Great Marketing Is Felt Before It’s...

I had a happy childhood. Loving parents. Safety. Stability. But to really understand me and my voice, there’s one part of my story that is inextricably linked to how I experience the world: My dad is blind.

This one life experience shapes how I myself experience the world and how I show up in this industry. It’s the experience that gave me my empathy—my ability to truly put myself in someone else’s shoes, to shift my perspective in the most radical ways. It was an early life lesson, one everyone should be taught: We are not all the same, and we do not all experience the world in the same way.

I choose to look at it not as what I’ve lost, but what I’ve gained. I learned to think more about the world beyond the visual. To notice sound. Texture. Emotion. To listen harder. To pay attention. To connect.

Marketers love to talk about “experiential.” But too often, we’re building toward the same tired version of it—shiny, fast, visual-first. We’re so focused on what catches the eye, we forget what moves the heart.

Throughout my career, my internal motivation has always remained the same: When we are building campaigns and creating messaging, how do we use all of this to connect with people beyond the surface—on a deep, human level?

And when you start paying attention, you can already see this deeper kind of connection in the wild.

Netflix’s Stranger Things: The Experience doesn’t just extend the show, it drops you into Hawkins. You feel the eeriness, walk the halls, crack clues with your friends. For a few minutes, you’re not watching the story, you’re living it.

Or take Disney. Before you even see the Castle, you’re hit with the warm scent of popcorn. The music shifts from one land to the next. There’s mist in the air as you enter Pirates of the Caribbean. It’s not just a theme park, it’s nostalgia, carefully crafted through every sensory detail.

Now I’m not saying we should all build theme parks. But I am saying this: At Viral Nation, we firmly believe that the best campaigns aren’t the flashiest ones people see. They’re the ones people feel, the ones that tie into your memory and build you into their community. 

Nielsen data backs this up. A study demonstrated that emotionally resonant ads lift sales by 23%. For the brands that ignore this insight, the contrast is stark: Ads that didn’t strike an emotional chord had 16% lower sales on average.

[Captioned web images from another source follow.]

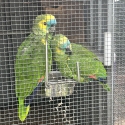 Blue Fronted Amazon breeding pair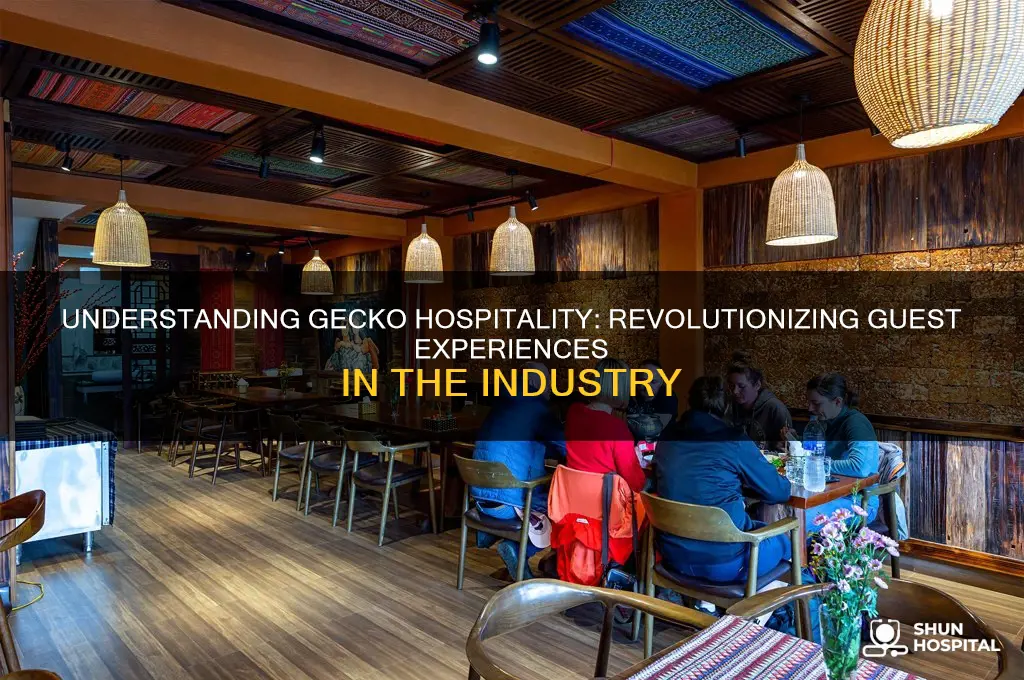 what is gecko hospitality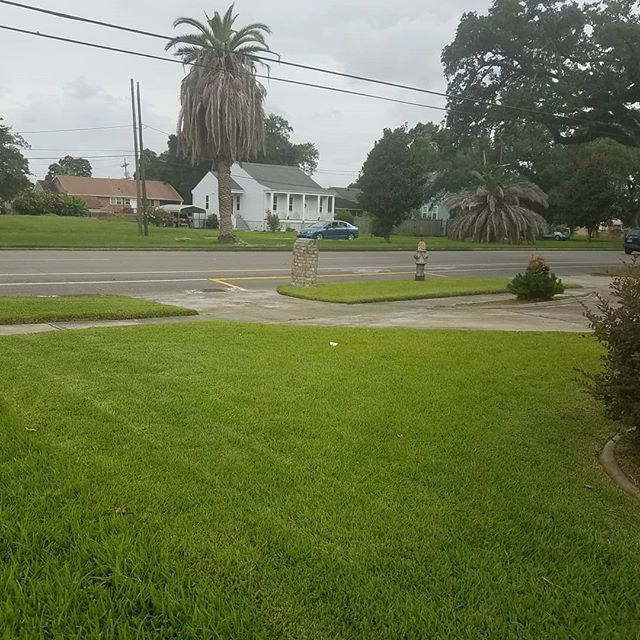 A residential front lawn with a freshly mowed appearance, maintained by Mcfaith Lawn Care LLC in New Orleans, LA.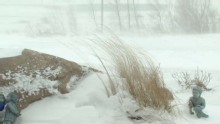 Good Morning America: GMA 12/22: White Christmas Could Cause Holiday Tribulations for Travlers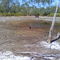 dried up pond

Creators happen to be a perfect conduit to build the feeling beneath the surface of a campaign. Take Khaby Lame; to me, he perfectly illustrates how a subtle yet radical shift in perspective can make all the difference. Like many creators, Lame is able to make his audience feel his content and his product endorsements. But what sets him apart is that he does this without saying a single word. Without relying on the “normal” or traditional way we hear each other, Lame creates an even deeper sense of connection that has led to an explosive social presence. His audience is loyal, fiercely engaged, and keeps coming back for more.